U.S. District Judge Michael W. Fitzgerald in Los Angeles, in a written ruling yesterday, affirmed his earlier tentative decision from a Sept. 25 hearing.
“The parties here are comparing apples and oranges,” the judge said in the written ruling. “The piecemeal similarities that SmartMetric has identified in support of its claims do not change the fact that claims 1 and 14 of the ’464 patent are simply not practiced by defendants, and no reasonable jury could conclude otherwise.”
SmartMetric sued Visa and MasterCard two years ago, claiming they infringed its patent for a system for automatic connection to a network. The company claimed it was entitled to a royalty of 25 percent of the anticipated savings Visa and MasterCard would receive from a drop in credit and debit-card fraud by the introduction of so-called EMV cards in the U.S.
The EMV cards, which are already used in Europe, include a microchip instead of a magnetic strip to access a payment system.

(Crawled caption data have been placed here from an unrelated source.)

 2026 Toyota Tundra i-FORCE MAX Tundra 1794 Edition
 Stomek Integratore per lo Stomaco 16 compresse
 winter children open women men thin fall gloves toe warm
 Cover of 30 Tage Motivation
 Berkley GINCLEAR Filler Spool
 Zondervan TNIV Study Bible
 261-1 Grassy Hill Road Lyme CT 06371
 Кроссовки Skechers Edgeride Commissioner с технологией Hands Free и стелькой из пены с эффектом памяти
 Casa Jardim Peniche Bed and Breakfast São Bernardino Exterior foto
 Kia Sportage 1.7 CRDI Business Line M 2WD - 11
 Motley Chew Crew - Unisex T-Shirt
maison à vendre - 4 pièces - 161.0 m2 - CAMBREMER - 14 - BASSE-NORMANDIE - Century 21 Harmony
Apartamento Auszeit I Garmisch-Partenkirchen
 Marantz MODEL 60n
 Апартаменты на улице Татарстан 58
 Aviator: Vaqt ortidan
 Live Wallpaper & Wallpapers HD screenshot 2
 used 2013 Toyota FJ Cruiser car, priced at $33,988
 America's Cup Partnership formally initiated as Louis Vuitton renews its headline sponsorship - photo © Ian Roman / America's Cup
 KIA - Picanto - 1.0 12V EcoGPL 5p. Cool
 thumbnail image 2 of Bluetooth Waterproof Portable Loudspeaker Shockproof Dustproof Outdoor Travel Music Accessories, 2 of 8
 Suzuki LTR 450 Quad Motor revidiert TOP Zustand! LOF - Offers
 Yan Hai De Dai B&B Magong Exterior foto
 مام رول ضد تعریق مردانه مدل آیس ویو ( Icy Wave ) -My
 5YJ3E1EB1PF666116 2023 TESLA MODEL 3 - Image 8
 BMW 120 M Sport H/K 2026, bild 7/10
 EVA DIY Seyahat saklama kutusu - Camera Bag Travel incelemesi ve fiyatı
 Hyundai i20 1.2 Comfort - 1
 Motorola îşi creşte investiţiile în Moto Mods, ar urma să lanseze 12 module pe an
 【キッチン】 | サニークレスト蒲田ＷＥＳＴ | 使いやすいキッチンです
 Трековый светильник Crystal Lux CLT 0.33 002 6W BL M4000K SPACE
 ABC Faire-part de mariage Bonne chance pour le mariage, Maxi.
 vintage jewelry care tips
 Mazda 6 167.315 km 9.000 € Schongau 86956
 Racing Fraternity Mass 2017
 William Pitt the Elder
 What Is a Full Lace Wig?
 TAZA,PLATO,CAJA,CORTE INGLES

The SmartMetric patent pertains to the process by which the payment system selects a network for a card transaction, Patrick Bright, the company’s lawyer, said at the Sept. 25 hearing.
SmartMetric said in a statement today it will appeal the non-infringement ruling.
SmartMetric fell 4 cents, or 20 percent, to 16 cents, today in over-the-counter trading.
The case is SmartMetric Inc. (SMME) v. MasterCard International Inc., 11-cv-07126, U.S. District Court, Central District of California (Los Angeles).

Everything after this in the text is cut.